WeOpenML / PandaLM

Apache License 2.0
880 stars 67 forks source link

Conflict Rate is high #18

Closed steventan0110 closed 1 year ago

steventan0110 commented 1 year ago

Hi,

Thanks for releasing the model. I recently have similar findings of this paper (https://arxiv.org/pdf/2305.17926.pdf) when using LLM as evaluator. That is, when I flip the order of response, the model tends to generate completely different decision. I tried PandaLM-7B on my test set and the confliict rate is about 50%. I also tried PandaLM-7B on the test data you released (the testset-v1 dataset) and I get similar accuracy as you reported. However, the conflict rate is also high, about 17%.

Just curious if you have any thoughts on this phenomenon? Maybe something to do for future work?

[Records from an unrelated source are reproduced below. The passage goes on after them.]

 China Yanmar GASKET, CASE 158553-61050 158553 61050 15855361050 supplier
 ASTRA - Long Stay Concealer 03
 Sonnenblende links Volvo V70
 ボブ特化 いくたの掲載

qianlanwyd commented 1 year ago

We have released our paper(https://arxiv.org/abs/2306.05087) and conducted new experiments (swap the order and treat the conflicting results as `Tie') to deal with the conflicting results. But as we observed, GPT-4 and GPT-3.5 also has this issue. Our future work will try to deal with it.

steventan0110 commented 1 year ago

Thanks for the prompt respons, I observed this issue with GPT3.5 as well. Good luck on your future work to deal with this phenomenon!